About this task -> Could you return the whole listing, character for character?
─── Data records
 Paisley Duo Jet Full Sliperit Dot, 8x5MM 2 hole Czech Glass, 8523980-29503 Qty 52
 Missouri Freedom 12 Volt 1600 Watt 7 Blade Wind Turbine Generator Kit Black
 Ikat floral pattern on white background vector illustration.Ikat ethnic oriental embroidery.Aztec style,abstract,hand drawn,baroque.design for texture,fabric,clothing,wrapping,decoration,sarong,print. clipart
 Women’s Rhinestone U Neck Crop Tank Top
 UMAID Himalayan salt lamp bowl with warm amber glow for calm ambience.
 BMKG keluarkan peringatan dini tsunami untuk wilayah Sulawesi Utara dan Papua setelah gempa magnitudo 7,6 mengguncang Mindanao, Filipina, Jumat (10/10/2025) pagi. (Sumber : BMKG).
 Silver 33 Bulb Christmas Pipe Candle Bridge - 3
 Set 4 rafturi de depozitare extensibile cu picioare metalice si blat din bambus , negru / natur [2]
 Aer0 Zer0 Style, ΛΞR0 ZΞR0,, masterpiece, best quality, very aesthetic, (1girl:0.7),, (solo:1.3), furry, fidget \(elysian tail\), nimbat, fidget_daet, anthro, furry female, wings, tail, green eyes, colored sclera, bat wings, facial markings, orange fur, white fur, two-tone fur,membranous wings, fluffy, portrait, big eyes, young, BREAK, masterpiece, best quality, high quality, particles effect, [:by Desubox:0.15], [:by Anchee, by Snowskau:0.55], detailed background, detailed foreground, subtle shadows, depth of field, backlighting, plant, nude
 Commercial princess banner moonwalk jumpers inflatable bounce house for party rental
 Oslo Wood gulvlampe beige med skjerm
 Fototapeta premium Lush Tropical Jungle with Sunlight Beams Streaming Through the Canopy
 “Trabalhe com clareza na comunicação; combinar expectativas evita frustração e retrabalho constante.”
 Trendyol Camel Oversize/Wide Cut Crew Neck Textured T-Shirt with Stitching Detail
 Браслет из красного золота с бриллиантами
──────
Output below ->
 Paisley Duo Jet Full Sliperit Dot, 8x5MM 2 hole Czech Glass, 8523980-29503 Qty 52
 Missouri Freedom 12 Volt 1600 Watt 7 Blade Wind Turbine Generator Kit Black
 Ikat floral pattern on white background vector illustration.Ikat ethnic oriental embroidery.Aztec style,abstract,hand drawn,baroque.design for texture,fabric,clothing,wrapping,decoration,sarong,print. clipart
 Women’s Rhinestone U Neck Crop Tank Top
 UMAID Himalayan salt lamp bowl with warm amber glow for calm ambience.
 BMKG keluarkan peringatan dini tsunami untuk wilayah Sulawesi Utara dan Papua setelah gempa magnitudo 7,6 mengguncang Mindanao, Filipina, Jumat (10/10/2025) pagi. (Sumber : BMKG).
 Silver 33 Bulb Christmas Pipe Candle Bridge - 3
 Set 4 rafturi de depozitare extensibile cu picioare metalice si blat din bambus , negru / natur [2]
 Aer0 Zer0 Style, ΛΞR0 ZΞR0,, masterpiece, best quality, very aesthetic, (1girl:0.7),, (solo:1.3), furry, fidget \(elysian tail\), nimbat, fidget_daet, anthro, furry female, wings, tail, green eyes, colored sclera, bat wings, facial markings, orange fur, white fur, two-tone fur,membranous wings, fluffy, portrait, big eyes, young, BREAK, masterpiece, best quality, high quality, particles effect, [:by Desubox:0.15], [:by Anchee, by Snowskau:0.55], detailed background, detailed foreground, subtle shadows, depth of field, backlighting, plant, nude
 Commercial princess banner moonwalk jumpers inflatable bounce house for party rental
 Oslo Wood gulvlampe beige med skjerm
 Fototapeta premium Lush Tropical Jungle with Sunlight Beams Streaming Through the Canopy
 “Trabalhe com clareza na comunicação; combinar expectativas evita frustração e retrabalho constante.”
 Trendyol Camel Oversize/Wide Cut Crew Neck Textured T-Shirt with Stitching Detail
 Браслет из красного золота с бриллиантами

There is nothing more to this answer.